▶ [Your goal] Within the records that follow, restate exactly the lines from the line with "Mystical Forest Crossroads: Fantasy" down to the line with "Farval Red white", including both. Omit the pictures.

▶ [Records to use]

..............................

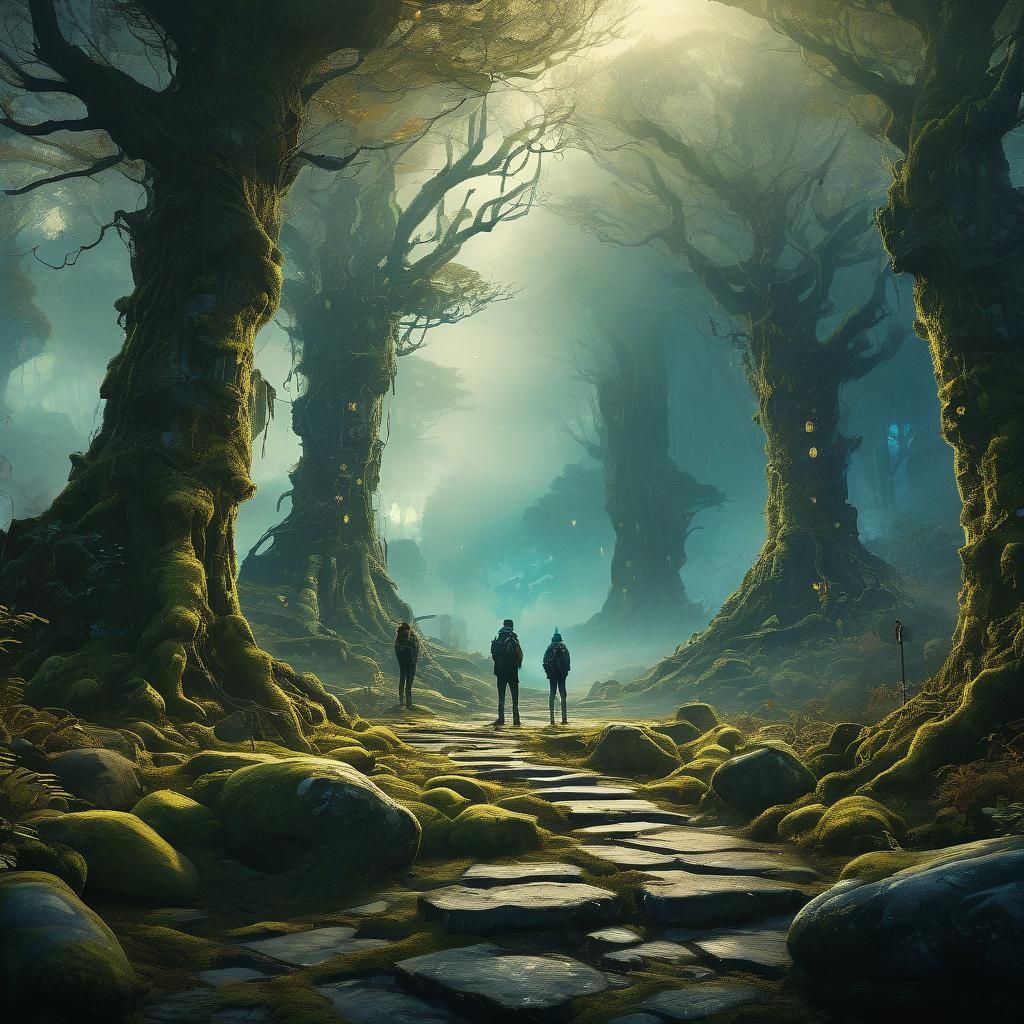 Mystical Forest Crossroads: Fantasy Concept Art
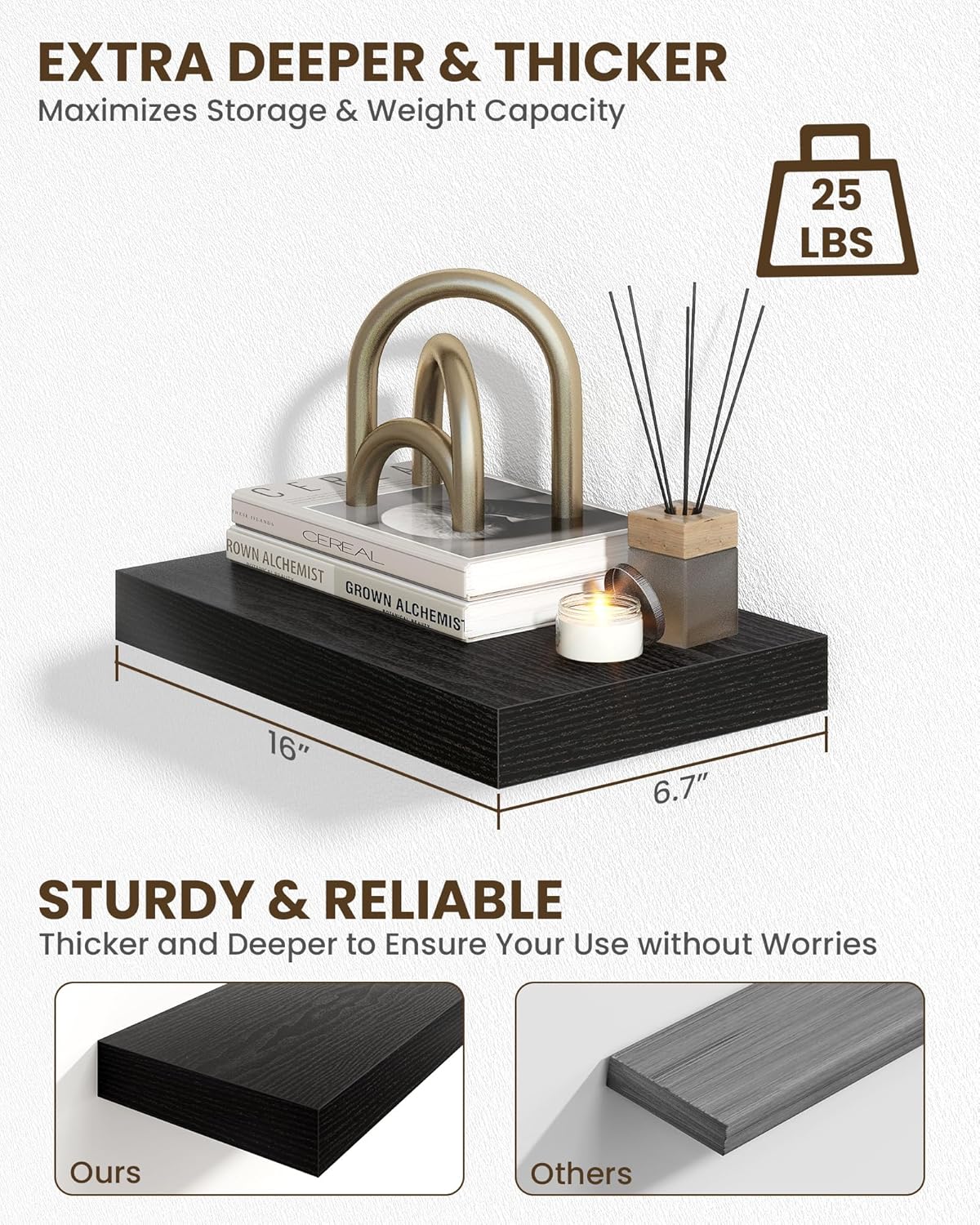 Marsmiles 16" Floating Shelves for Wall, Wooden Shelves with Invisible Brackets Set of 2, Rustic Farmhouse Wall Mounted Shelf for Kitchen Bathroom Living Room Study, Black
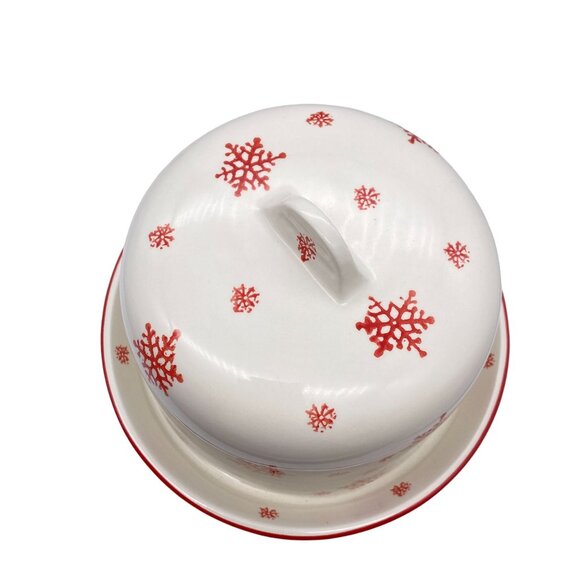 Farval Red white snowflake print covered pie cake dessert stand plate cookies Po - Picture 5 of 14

..............................

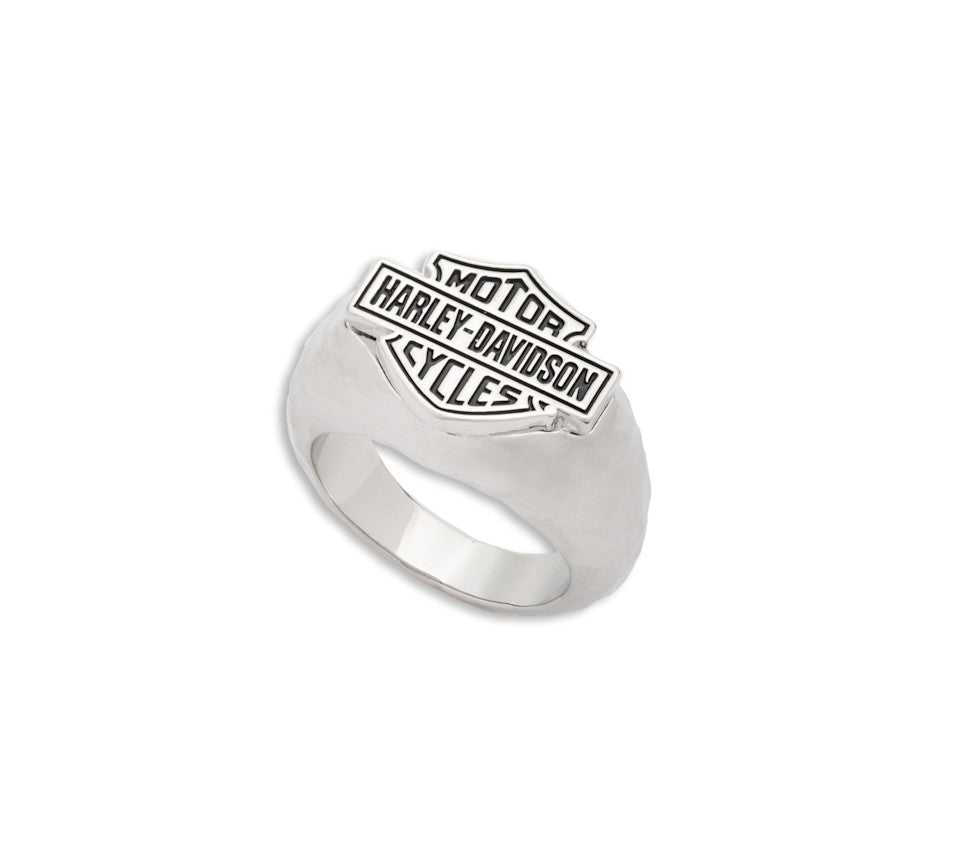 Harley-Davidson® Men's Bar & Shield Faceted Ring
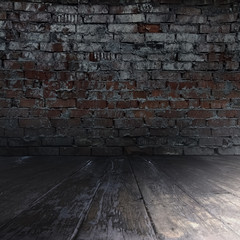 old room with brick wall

..............................

▶ [Written response]
 Mystical Forest Crossroads: Fantasy Concept Art
 Marsmiles 16" Floating Shelves for Wall, Wooden Shelves with Invisible Brackets Set of 2, Rustic Farmhouse Wall Mounted Shelf for Kitchen Bathroom Living Room Study, Black
 Farval Red white snowflake print covered pie cake dessert stand plate cookies Po - Picture 5 of 14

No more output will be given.